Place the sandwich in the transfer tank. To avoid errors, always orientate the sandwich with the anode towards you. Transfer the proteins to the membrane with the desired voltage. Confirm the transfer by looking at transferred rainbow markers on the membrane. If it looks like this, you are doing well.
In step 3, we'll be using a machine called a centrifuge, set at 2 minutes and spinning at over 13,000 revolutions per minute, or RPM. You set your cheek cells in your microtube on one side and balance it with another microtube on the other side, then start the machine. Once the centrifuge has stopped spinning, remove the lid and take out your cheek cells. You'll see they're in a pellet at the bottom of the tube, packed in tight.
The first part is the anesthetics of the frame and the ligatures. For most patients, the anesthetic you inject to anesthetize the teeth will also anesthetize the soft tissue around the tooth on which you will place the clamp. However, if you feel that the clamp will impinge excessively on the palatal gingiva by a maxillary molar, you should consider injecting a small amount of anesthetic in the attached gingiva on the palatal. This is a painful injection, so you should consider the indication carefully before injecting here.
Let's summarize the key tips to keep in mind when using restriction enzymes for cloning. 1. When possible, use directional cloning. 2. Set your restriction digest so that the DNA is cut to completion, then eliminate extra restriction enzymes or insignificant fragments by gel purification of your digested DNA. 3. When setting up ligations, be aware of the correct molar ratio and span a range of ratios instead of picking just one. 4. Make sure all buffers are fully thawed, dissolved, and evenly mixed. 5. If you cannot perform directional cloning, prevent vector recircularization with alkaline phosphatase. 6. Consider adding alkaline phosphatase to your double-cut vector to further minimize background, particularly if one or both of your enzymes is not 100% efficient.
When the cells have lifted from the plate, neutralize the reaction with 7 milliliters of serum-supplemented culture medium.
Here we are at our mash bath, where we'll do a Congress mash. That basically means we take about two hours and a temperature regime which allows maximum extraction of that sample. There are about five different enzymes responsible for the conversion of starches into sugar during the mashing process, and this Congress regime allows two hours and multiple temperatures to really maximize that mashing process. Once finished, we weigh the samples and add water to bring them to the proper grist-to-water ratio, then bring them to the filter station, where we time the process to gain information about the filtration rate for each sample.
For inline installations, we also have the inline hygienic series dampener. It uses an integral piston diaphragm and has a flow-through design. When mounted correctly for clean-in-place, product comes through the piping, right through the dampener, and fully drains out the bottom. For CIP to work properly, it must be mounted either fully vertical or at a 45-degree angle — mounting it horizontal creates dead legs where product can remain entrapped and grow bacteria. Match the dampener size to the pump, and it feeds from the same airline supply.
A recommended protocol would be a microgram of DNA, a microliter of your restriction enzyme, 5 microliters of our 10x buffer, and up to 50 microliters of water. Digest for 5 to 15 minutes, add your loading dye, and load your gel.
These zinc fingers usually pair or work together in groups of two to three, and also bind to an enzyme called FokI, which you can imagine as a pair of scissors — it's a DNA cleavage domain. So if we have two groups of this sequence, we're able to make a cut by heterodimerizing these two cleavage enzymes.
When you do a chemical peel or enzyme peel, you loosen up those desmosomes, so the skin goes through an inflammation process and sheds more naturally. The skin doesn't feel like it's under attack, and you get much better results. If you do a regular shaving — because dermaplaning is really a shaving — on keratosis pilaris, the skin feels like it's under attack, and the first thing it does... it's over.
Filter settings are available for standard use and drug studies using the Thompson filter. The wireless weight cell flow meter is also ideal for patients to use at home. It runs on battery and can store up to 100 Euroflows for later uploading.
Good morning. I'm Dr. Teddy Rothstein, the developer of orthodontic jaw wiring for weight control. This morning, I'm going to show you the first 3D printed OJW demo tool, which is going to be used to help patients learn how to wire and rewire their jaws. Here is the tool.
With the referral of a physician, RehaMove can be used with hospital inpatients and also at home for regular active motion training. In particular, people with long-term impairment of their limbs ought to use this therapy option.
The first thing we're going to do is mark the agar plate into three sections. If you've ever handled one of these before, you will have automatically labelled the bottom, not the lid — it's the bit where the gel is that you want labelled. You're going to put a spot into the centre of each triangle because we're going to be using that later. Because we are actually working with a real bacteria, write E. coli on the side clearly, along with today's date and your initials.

ASSIGNED TASK => All lines of the data that hold "minutes" need to be copied.

YOUR SOLUTION =>
In step 3, we'll be using a machine called a centrifuge, set at 2 minutes and spinning at over 13,000 revolutions per minute, or RPM. You set your cheek cells in your microtube on one side and balance it with another microtube on the other side, then start the machine. Once the centrifuge has stopped spinning, remove the lid and take out your cheek cells. You'll see they're in a pellet at the bottom of the tube, packed in tight.
A recommended protocol would be a microgram of DNA, a microliter of your restriction enzyme, 5 microliters of our 10x buffer, and up to 50 microliters of water. Digest for 5 to 15 minutes, add your loading dye, and load your gel.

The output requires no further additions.